Fifty years ago, some comic strips presumed readers had a level of literacy, as well as a patience for drawings, that today's readers lack.

You won't find anything on today's comic pages today to resemble this Sunday strip by the great Leonard Starr.  Here, a journalist is smuggling a Chinese defector out through the jungles of Vietnam.  The two have begun to get on each other's nerves.  Starr's smart dialogue combines politics, human nature and humor.  


Note Starr's cinematography,  his facial expressions, his understanding of anatomy and design.  Readers today don't linger over the comic page long enough to appreciate such characteristics.  

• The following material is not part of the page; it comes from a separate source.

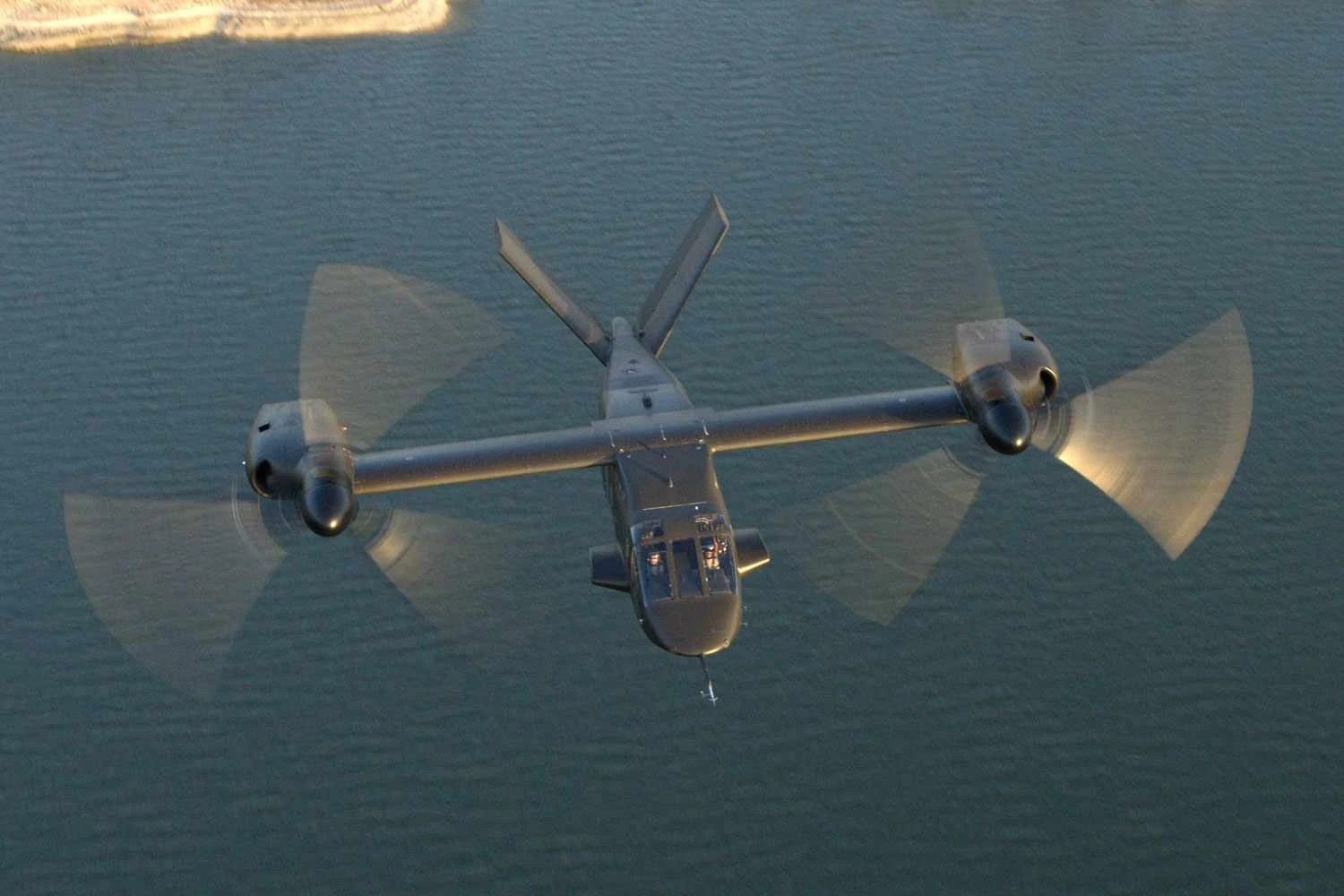 O V-280 é uma evolução do conceito de rotores basculantes do V-22 Osprey (Bell)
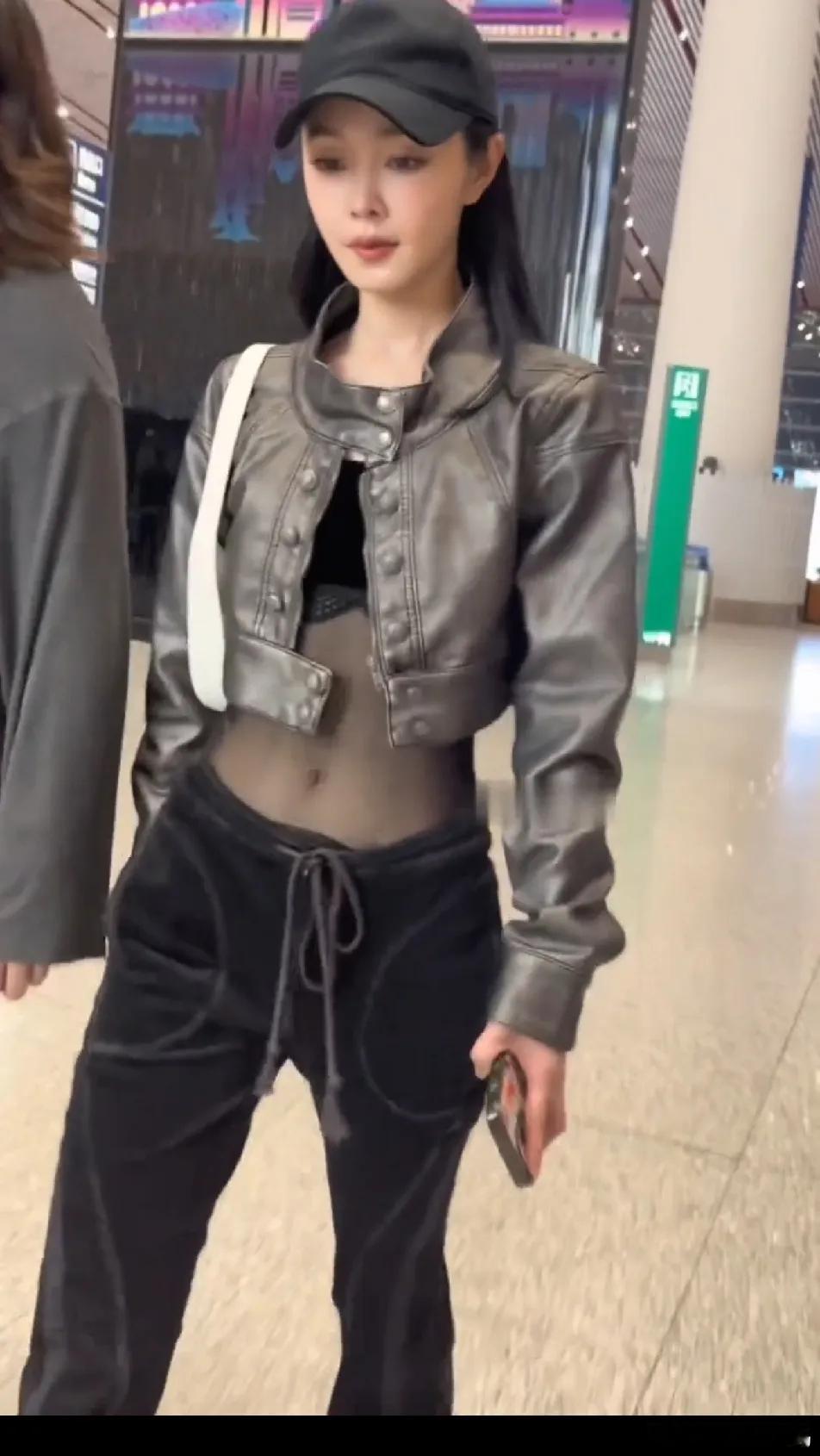 宋轶这身透感黑纱内搭换旁人上身，大概率会显得俗气艳丽，落在她身上却恰到好处。她骨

I love the elegance of Starr's lines, both written and drawn.

Around the same time, MAD Magazine was producing satires that assumed even children knew the words and music to Gilbert & Sullivan songs.  MAD writers and artists even thought their young subscribers would get jokes about rivalry between Nelson Rockefeller, Richard Nixon and Barry Goldwater.


Here the great Mort Drucker conjured up a crowd scene with caricatures of the extended Kennedy dynasty, in a scene that relies on your knowledge of the wealth and influence of the Kennedy family patriarch, the family's love of football, and the roles of the other celebrities in the family.

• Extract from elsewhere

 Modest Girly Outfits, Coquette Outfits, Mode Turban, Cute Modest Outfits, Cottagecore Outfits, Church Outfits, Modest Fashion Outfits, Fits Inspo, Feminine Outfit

Today MAD Magazine has been dumbed down to appeal to a less literate audience, and streamlined for bright readers who process large quantities of information on an accelerated basis.

Karrie Jacobs wrote that in our information era, we have been "seduced into thinking about ideas-- the intangible stuff that comprises our cutlture, our mental universe, our homegrown organic realities-- as information."  This, she objects, is misguided: "information should be our raw material, not our end product.... Point and click is not a satisfying form of interaction.... With information technology our reach is infinite but our grasp is weak."

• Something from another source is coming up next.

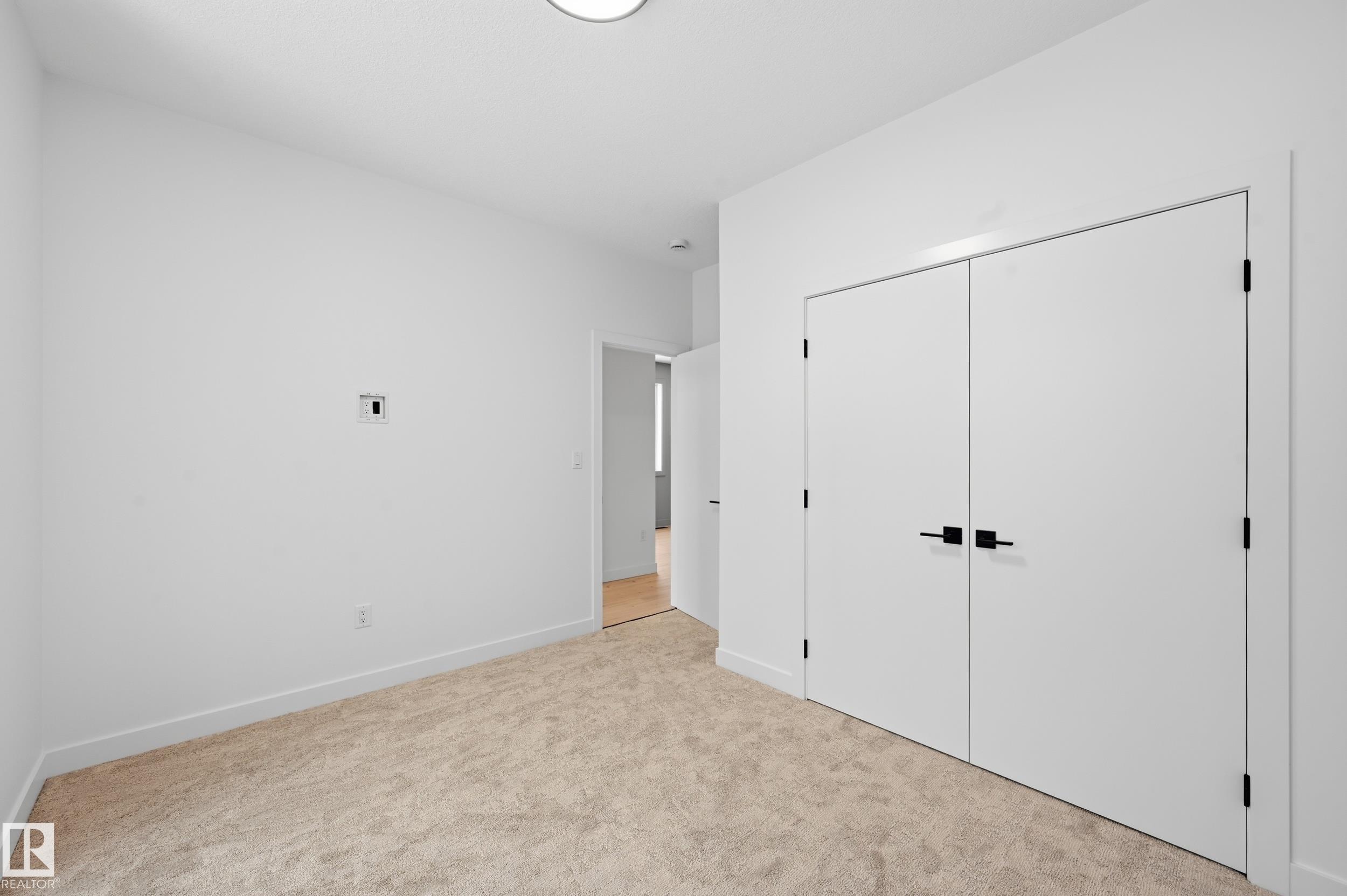 11121 51 ST NW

It is exhilarating to live in the information era but it is important to maintain enough self-control so that we don't let it ruin our attention span for the kind of art that needs to be savored. Some images are best experienced abruptly, but others (such as the drawings of Starr and Drucker above) need to be approached with a level of literacy and patience that unfortunately seems to be waning in popular audiences.

There is a benefit to surrounding ourselves with objects of craftsmanship and beauty, even in morning newspapers and cheap magazines.  In the long run, it helps to shape our reaction to the world around us.  So I offer you these lovely drawings at the end of 2012, as something to consider as you set your pace for 2013.